Here we go. I do this painful thing about once every 2-3 years over the winter break.
Re-format and re-install everything, upgrading some hardware but not all. Or, as my old-school buddy calls it: "Nuke and Pave"
I am going to stay with Windows 7 64-bit Professional, and set up dual-boot with OpenSUSE 13.2 in the KDE flavor. Please don't go off on some other setup, I have given this considerable thought and made my decisions. My gear would have been outstanding a few years ago but is merely humdrum today. I have an ASRock 970 Extreme 3 R2.0 motherboard, quad-core AMD processor, 8GB RAM, and multiple hard drives including a 120GB SSD that I want all my programs to reside on, while my data files will be on a large high-end WD hard drive and 2 other hard drives. Most of this hardware is existing but a couple of the pieces are new.

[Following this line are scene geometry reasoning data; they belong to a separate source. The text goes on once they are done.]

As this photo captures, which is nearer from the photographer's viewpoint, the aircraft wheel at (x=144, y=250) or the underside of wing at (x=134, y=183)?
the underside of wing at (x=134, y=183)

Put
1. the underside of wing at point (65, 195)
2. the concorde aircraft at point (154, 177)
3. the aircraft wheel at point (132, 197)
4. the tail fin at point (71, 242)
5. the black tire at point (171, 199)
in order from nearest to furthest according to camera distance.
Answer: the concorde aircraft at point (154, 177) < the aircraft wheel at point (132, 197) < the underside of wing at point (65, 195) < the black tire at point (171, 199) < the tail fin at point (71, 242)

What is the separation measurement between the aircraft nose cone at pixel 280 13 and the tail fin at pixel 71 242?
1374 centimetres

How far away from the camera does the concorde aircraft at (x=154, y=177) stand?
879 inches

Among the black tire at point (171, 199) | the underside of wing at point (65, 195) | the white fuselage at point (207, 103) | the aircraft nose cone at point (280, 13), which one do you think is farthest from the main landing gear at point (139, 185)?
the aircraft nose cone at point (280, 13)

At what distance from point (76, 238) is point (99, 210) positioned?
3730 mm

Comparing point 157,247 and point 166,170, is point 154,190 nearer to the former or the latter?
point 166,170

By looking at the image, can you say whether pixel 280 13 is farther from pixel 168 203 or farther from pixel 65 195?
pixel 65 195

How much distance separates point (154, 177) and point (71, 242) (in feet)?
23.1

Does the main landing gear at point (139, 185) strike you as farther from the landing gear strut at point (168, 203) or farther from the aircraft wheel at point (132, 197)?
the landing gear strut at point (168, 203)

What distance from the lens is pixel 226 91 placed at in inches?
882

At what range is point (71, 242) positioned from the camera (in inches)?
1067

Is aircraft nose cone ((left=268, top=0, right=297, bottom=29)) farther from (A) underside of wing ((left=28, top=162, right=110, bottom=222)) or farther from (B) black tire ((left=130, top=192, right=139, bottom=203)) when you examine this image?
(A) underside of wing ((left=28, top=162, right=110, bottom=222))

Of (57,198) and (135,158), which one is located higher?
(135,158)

Windows has been my primary OS since 1998 (before that it was DOS 2.0-5.0) and I have dabbled with Ubuntu since 2010 (Gnome until a couple of years ago, Unity since). My laptop will remain with Windows 7 and Ubuntu 14.04 for the foreseeable future, but I am going to move to OpenSUSE and KDE because I have gotten a little disenchanted with Ubuntu on a philosophical level, and SUSE seems to be a better and cleaner choice.
So, I have backed up all my critical files, and the old small SSD will be replaced with a larger SSD for my OS. The large primary hard drive will also be new. I plan to install Windows 7 on the new SSD and set "My Documents" and other stuff to the large hard drive D:\
Then I plan to shrink about 100GB from the back end of the hard drive for my Linux partitions and install it there. I am happy to accept the system looking to the hard drive first for the Grub file (or whatever the new flavor happens to be).
My real trepidation comes from the new formats that have come into vogue. I am comfortable with NTFS and ext4 but it appears that now we have UEFI and XFS. I am a conservative semi-power-user but I am far more concerned with compatibility (and backwards compatibility) than I am with cutting edge speed and performance.
Is there any compelling reason to go beyond NTFS and ext4, here and now?
This will all be happening again in a couple of years and if that will be a better time, I will wait.
Next, I have used Grub for several years and I am happy with it. Is there a compelling reason to look to something else?